Q1. What is the difference between stemming and lemmatization ?

The practical distinction between stemming and lemmatization is that, where stemming merely removes common suffixes from the end of word tokens, lemmatization ensures the output word is an existing normalized form of the word (for example, lemma) that can be found in the dictionary.

Source -(IBM)[https://www.ibm.com/think/topics/stemming-lemmatization]

Q2. What is Teacher forcing ?

teacher forcing is a training technique where the model receives the correct output sequence as input at each step, rather than relying on its own previous predictions. This method helps the model learn faster and more accurately by providing a consistent reference throughout the training process

Source - (Medium)[https://medium.com/data-science/what-is-teacher-forcing-3da6217fed1c]

Q3. What is Reward hacking ?

Reward hacking occurs when a reinforcement learning (RL) agent exploits flaws or ambiguities in the reward function to achieve high rewards, without genuinely learning or completing the intended task. Reward hacking exists because RL environments are often imperfect, and it is fundamentally challenging to accurately specify a reward function.
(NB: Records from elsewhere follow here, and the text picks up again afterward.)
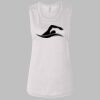 Ladies' Bella Flowy Scoop Muscle Tank Thumbnail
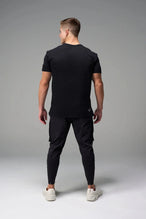 Front View Of TLF Swole Tee in Black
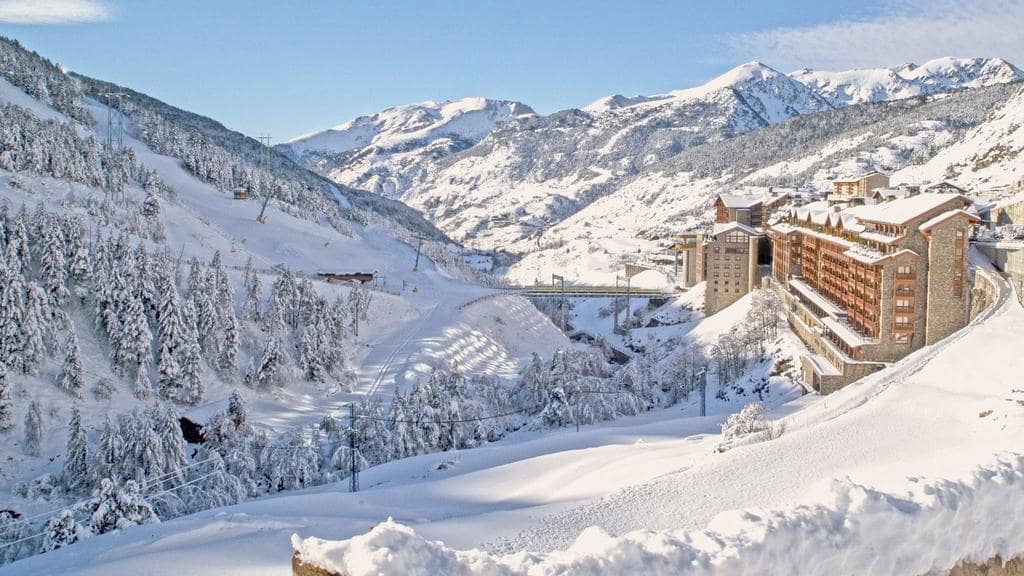 5 лучших горнолыжных курортов Андорры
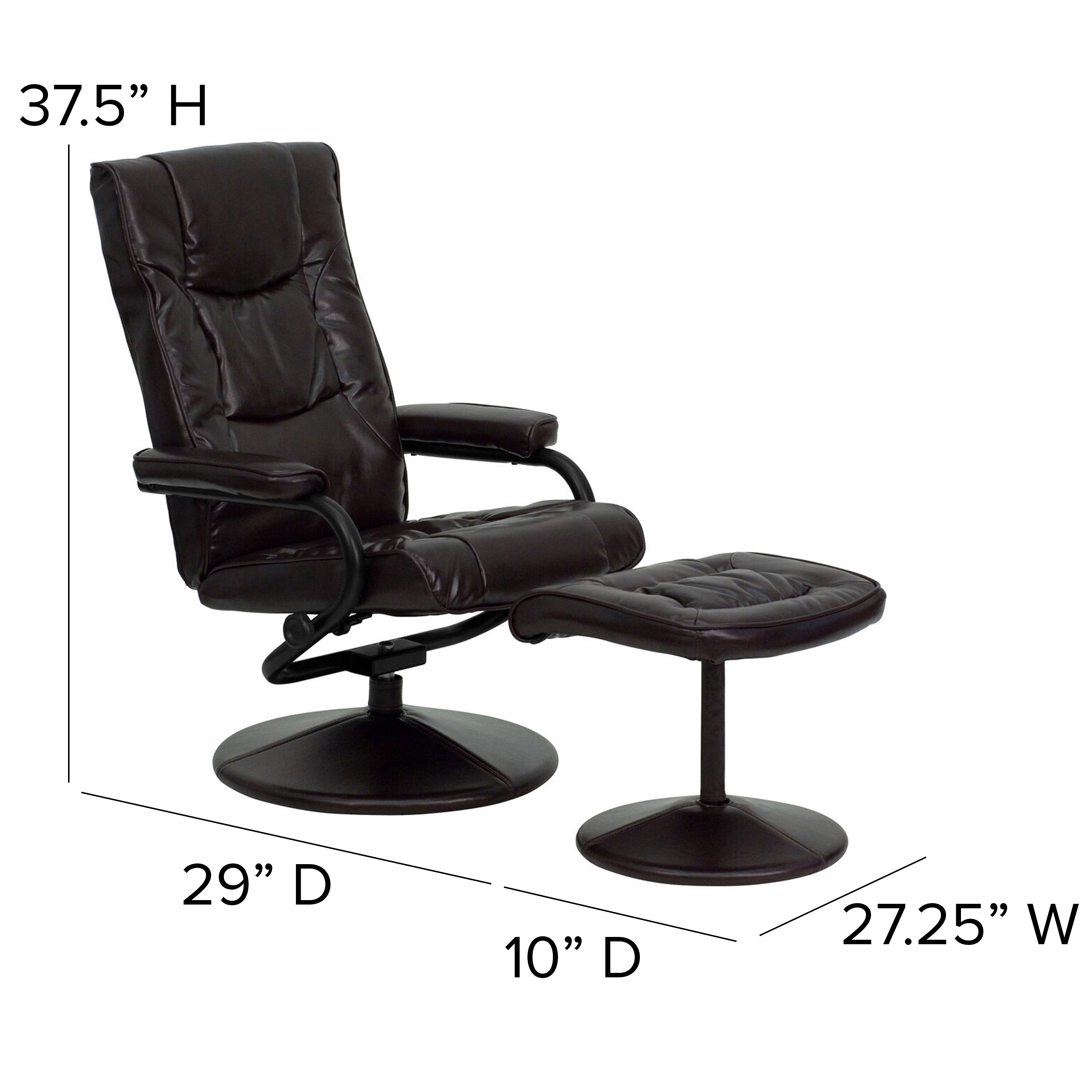 Flash Furniture 847254015714 recliners - View #3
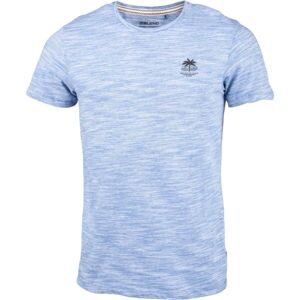BLEND T-SHIRT S/S Pánské tričko, modrá, veľkosť M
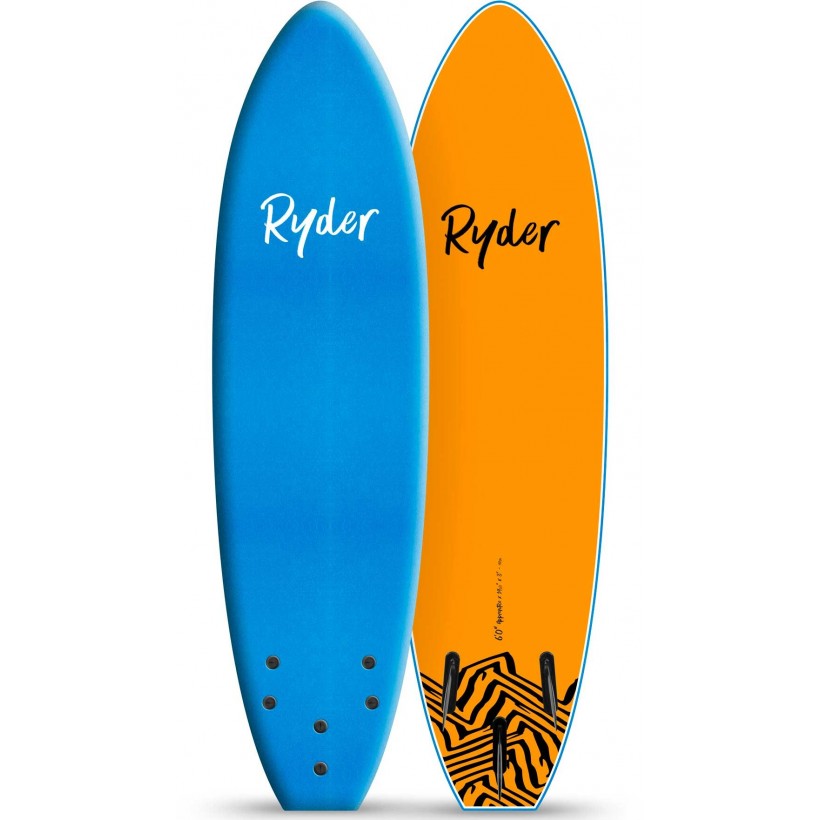 Tabla de surf softboard Ryder Apprentice Thruster (EN STOCK)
Source - (Lil’Log)[https://lilianweng.github.io/posts/2024-11-28-reward-hacking/]

Q4. What is Expectation Maximization Algorithm ?

EM is a commonly used iterative algorithm for optimizing parameters for a model with (hidden) latent variables. We iterate between the E-step (Expectation) step where we guess the missing information about the latent variables, and the M-step (Maximization) where we optimize the model parameters based on latent variables until convergence

Q5. What is Rejection Sampling ?

Rejection Sampling (RS) is a popular and simple baseline for performing preference fine-tuning. Rejection sampling operates by curating new candidate instructions, filtering them based on a trained reward model, and then fine-tuning the original model only on the top completions.

The name originates from computational statistics [1], where one wishes to sample from a complex distribution, but does not have a direct method to do so. To alleviate this, one samples from a simpler to model distribution and uses a heuristic to check if the sample is permissible. With language models, the target distribution is high-quality answers to instructions, the filter is a reward model, and the sampling distribution is the current model.

Q6. What basically is Test-Time Compute (TTC)?

TTC refers to the amount of computational power used by an AI model when it is generating a response or performing a task after it has been trained. In simple terms, it’s the processing power and time required when the model is actually being used, rather than when it is being trained.